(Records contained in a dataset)
▼

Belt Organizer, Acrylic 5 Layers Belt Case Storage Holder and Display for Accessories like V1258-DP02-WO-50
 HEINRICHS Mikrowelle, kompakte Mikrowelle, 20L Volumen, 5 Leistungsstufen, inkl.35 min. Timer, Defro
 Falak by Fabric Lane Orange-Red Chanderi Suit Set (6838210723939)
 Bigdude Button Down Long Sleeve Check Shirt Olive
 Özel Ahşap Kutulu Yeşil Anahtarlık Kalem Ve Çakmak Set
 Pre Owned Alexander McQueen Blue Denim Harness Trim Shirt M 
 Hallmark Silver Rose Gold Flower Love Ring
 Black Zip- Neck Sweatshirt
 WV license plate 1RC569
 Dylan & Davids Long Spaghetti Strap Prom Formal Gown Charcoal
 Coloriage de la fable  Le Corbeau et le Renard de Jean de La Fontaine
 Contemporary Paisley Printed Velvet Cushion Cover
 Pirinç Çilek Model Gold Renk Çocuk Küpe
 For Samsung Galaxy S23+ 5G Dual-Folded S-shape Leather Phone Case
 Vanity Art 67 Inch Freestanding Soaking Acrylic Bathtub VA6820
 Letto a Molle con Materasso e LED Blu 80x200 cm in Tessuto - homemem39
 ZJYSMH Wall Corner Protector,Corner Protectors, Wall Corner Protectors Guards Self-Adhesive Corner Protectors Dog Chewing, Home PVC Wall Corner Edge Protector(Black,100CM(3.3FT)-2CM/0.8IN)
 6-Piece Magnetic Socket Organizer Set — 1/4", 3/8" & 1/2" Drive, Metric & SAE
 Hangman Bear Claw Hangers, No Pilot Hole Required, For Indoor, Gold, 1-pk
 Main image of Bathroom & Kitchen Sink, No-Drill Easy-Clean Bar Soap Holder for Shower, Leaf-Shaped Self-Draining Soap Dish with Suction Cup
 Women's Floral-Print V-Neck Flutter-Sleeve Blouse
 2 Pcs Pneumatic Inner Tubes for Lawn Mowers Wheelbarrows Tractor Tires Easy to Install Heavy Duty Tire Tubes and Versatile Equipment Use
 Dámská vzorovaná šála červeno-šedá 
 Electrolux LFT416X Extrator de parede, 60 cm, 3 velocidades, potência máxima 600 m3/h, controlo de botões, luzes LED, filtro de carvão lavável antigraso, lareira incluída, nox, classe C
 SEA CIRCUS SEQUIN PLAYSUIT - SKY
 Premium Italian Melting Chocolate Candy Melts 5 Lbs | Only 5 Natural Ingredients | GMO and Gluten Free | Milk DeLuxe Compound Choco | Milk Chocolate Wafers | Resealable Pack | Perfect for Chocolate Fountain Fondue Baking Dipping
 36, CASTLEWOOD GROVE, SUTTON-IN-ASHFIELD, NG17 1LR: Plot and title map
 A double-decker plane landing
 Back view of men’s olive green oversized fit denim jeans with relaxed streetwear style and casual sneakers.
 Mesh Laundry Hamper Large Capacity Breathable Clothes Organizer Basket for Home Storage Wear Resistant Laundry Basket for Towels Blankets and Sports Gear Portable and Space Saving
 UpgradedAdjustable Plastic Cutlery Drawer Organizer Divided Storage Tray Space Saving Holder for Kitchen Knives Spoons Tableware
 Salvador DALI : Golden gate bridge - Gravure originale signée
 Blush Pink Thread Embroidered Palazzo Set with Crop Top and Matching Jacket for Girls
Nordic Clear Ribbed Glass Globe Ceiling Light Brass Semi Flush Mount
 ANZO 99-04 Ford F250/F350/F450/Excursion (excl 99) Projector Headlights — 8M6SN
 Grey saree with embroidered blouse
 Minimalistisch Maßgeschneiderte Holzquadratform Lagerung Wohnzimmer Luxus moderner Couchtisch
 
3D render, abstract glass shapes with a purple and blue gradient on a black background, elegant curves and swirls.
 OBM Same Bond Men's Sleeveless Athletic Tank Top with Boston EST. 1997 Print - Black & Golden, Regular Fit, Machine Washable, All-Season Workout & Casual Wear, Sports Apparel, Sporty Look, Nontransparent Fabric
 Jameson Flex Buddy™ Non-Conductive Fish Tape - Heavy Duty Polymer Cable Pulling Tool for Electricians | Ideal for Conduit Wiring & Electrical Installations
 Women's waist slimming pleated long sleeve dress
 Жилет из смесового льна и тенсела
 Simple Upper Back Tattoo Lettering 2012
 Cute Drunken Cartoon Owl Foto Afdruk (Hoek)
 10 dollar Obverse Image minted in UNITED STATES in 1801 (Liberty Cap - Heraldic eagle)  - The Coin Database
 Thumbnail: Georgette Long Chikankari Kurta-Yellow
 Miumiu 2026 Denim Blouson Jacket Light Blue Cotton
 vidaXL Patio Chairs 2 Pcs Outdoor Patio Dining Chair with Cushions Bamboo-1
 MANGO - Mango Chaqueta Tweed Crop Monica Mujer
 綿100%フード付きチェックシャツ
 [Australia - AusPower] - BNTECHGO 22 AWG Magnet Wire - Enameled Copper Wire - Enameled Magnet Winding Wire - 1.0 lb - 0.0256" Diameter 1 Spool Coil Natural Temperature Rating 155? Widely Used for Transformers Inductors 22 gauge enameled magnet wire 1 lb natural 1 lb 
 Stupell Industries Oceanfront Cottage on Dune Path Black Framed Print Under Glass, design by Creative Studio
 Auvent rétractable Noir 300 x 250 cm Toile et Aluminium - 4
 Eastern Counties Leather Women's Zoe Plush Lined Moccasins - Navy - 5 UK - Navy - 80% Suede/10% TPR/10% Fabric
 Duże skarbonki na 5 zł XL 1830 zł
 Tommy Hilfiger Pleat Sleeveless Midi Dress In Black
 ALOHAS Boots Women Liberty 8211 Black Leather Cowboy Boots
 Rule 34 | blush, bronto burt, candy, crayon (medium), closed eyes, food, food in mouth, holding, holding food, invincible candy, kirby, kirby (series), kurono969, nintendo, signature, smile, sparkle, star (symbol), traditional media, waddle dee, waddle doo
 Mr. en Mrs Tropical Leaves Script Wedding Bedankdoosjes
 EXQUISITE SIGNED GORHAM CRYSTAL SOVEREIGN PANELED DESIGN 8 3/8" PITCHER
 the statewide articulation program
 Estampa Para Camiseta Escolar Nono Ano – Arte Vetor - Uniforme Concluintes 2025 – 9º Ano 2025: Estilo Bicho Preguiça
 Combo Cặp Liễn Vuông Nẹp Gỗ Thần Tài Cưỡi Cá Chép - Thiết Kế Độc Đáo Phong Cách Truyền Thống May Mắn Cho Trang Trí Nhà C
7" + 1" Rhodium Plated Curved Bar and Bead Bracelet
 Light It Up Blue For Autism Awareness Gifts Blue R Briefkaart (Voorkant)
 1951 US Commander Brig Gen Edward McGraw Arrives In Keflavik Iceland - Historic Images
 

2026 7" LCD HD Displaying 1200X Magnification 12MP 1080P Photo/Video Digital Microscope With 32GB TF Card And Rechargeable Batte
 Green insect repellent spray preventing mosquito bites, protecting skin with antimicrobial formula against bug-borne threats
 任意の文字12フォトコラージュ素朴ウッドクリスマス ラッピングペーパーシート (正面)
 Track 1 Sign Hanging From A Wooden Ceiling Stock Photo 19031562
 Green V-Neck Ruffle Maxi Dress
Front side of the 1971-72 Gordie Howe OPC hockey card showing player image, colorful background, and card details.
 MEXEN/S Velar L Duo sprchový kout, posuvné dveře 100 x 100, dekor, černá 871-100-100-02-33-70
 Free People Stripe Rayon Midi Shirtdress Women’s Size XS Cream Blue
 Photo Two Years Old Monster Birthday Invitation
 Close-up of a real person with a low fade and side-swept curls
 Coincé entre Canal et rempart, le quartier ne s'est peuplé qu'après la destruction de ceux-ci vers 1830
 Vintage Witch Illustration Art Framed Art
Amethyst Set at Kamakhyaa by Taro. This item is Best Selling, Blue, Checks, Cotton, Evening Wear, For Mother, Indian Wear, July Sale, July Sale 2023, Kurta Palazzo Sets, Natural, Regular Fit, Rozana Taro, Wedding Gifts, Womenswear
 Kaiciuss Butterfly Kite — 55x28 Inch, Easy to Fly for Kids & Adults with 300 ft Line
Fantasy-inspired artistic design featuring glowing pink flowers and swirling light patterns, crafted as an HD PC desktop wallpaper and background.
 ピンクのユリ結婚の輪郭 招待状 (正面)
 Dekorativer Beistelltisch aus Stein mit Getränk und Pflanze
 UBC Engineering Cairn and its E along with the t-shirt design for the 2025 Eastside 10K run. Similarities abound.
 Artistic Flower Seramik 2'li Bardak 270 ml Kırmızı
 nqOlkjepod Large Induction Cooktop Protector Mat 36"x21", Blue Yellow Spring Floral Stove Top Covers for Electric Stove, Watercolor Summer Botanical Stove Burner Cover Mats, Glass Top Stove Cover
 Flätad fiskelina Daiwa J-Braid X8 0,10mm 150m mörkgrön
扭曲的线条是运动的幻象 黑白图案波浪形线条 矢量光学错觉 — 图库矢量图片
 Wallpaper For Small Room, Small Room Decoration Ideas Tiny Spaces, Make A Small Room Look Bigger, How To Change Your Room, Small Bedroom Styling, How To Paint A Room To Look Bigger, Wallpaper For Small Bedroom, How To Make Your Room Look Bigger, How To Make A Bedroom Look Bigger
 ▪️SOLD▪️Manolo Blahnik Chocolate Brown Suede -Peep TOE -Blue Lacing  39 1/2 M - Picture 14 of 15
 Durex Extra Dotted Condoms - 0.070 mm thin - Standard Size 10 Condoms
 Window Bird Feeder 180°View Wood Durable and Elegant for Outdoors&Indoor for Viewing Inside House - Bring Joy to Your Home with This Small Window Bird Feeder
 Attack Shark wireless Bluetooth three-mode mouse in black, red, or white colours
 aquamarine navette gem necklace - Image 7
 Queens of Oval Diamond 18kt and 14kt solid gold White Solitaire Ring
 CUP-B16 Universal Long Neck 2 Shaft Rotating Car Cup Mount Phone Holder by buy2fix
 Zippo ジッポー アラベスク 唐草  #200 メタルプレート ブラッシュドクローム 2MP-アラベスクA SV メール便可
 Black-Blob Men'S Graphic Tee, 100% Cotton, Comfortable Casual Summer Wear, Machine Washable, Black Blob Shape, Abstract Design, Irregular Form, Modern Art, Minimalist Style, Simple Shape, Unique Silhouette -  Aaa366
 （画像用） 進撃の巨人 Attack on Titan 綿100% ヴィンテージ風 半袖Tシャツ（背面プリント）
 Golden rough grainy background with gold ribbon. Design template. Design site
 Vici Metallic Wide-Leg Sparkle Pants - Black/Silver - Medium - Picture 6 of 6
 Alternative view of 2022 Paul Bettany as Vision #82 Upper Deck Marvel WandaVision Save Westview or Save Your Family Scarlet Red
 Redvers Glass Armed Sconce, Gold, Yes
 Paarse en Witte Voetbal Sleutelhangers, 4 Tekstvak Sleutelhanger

▲

#### WORK TO COMPLETE
Copy each line of the data that includes the word "Crop".

#### ANSWER TO THIS PROBLEM
 Blush Pink Thread Embroidered Palazzo Set with Crop Top and Matching Jacket for Girls
 MANGO - Mango Chaqueta Tweed Crop Monica Mujer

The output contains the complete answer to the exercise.